[What you need to do] In the entries that follow, find the line containing "Hope Achors The Soul 25.jpg" and the line containing "Przekładnia Kierownicza RIDEX", then copy exactly everything from the first through the second except the pictures.

[Supplied information]

##########

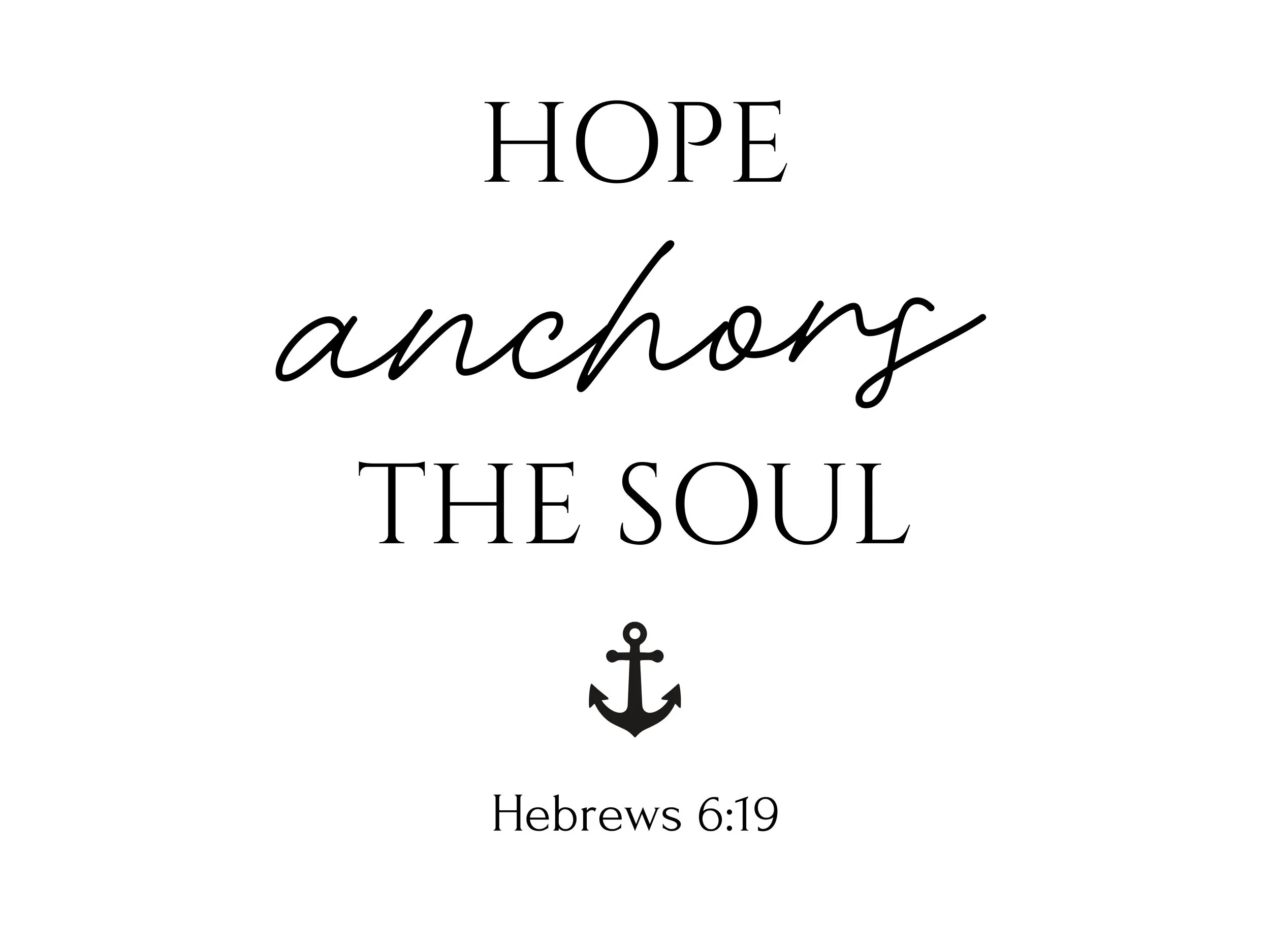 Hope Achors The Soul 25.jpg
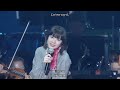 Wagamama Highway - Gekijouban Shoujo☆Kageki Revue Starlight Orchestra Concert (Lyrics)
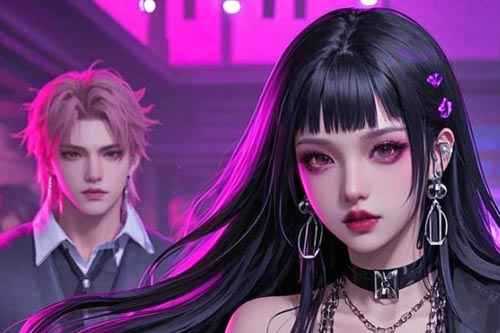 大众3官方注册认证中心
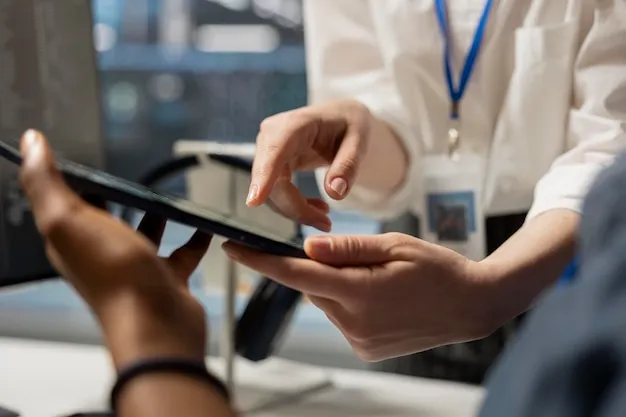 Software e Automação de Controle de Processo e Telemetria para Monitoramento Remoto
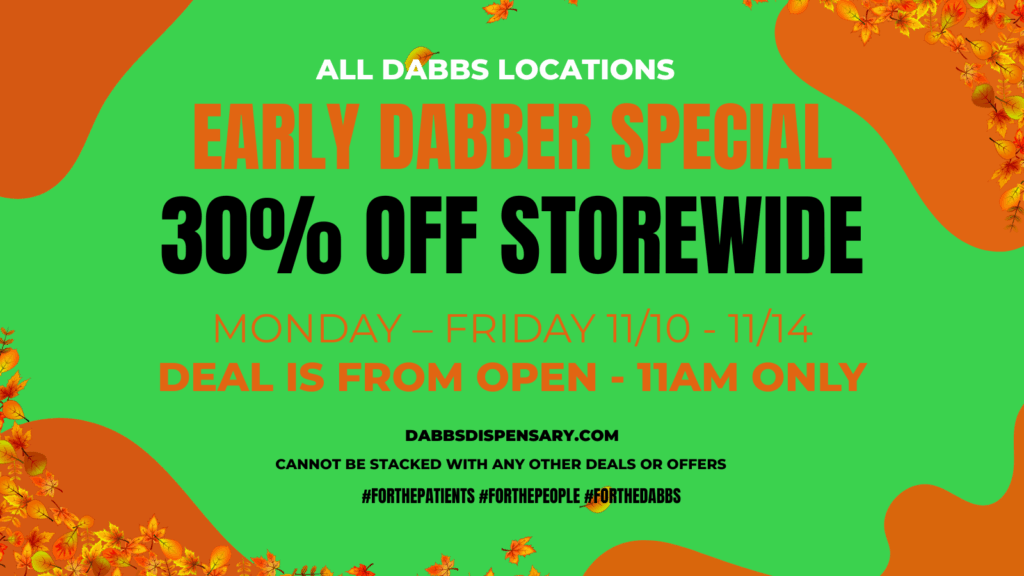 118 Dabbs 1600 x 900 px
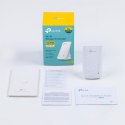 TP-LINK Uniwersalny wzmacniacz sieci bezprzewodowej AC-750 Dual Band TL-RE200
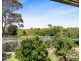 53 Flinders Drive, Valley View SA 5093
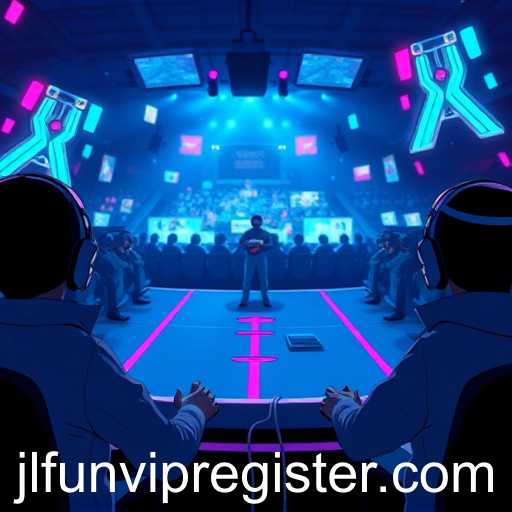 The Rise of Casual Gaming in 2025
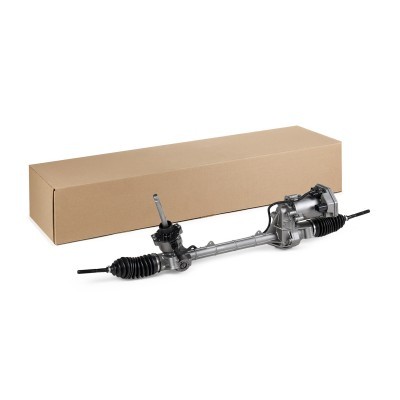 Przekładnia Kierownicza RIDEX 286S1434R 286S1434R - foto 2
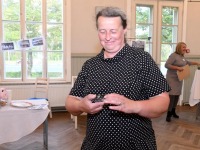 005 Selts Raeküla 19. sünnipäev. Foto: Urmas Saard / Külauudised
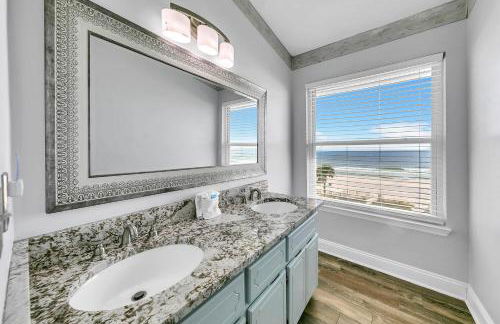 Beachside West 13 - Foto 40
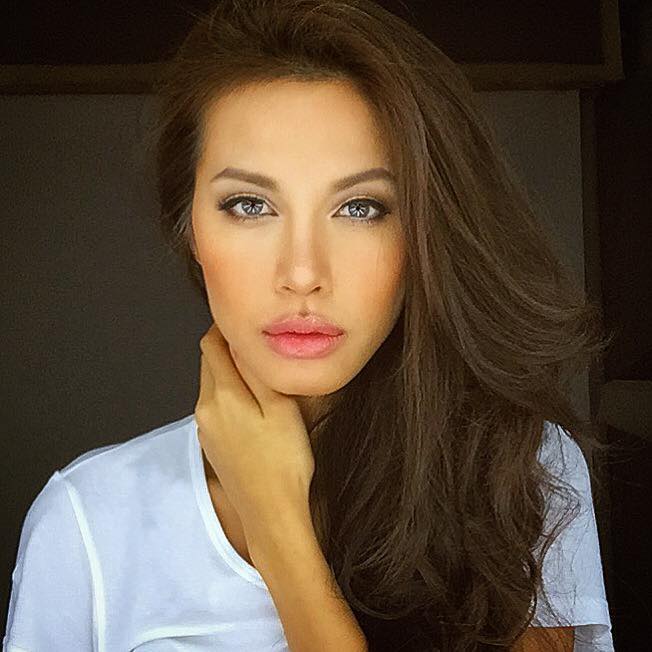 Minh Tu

##########

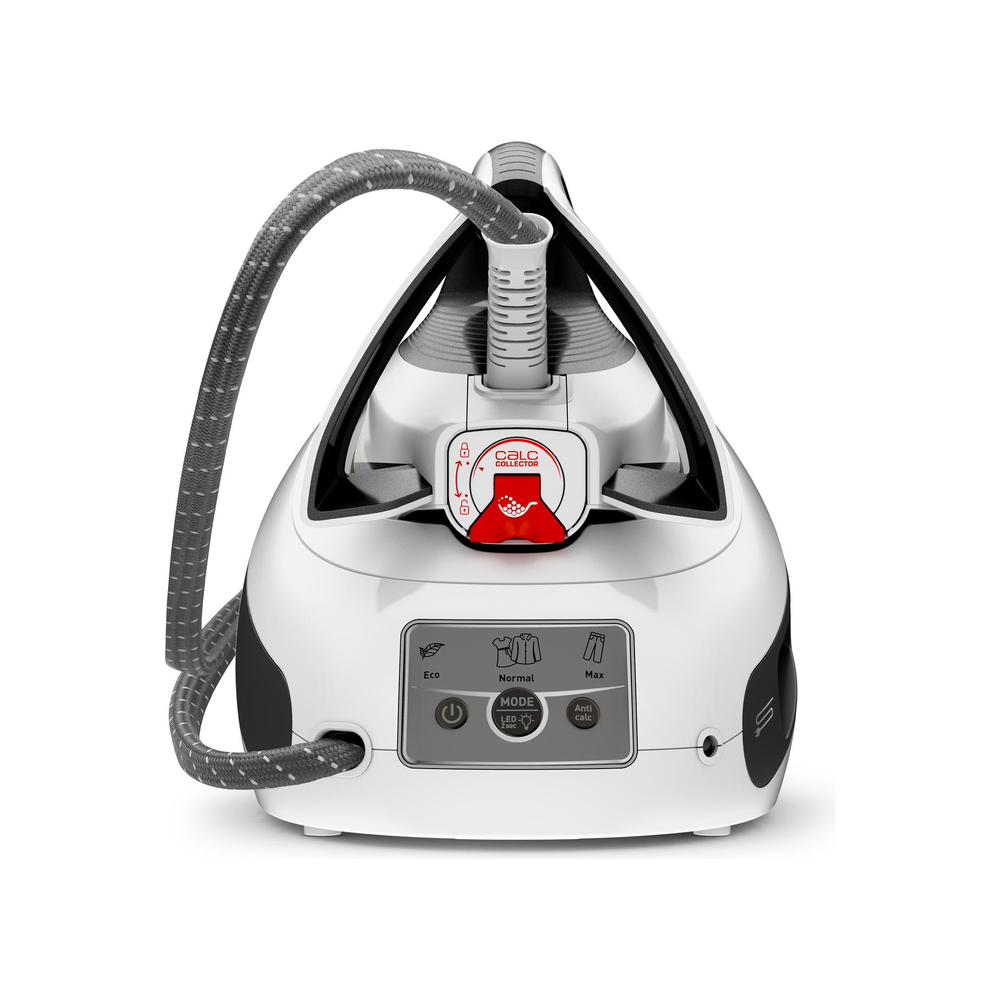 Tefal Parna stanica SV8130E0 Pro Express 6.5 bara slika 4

##########

[Answer box]
 Hope Achors The Soul 25.jpg
 Wagamama Highway - Gekijouban Shoujo☆Kageki Revue Starlight Orchestra Concert (Lyrics)
 大众3官方注册认证中心
 Software e Automação de Controle de Processo e Telemetria para Monitoramento Remoto
 118 Dabbs 1600 x 900 px
 TP-LINK Uniwersalny wzmacniacz sieci bezprzewodowej AC-750 Dual Band TL-RE200
 53 Flinders Drive, Valley View SA 5093
 The Rise of Casual Gaming in 2025
 Przekładnia Kierownicza RIDEX 286S1434R 286S1434R - foto 2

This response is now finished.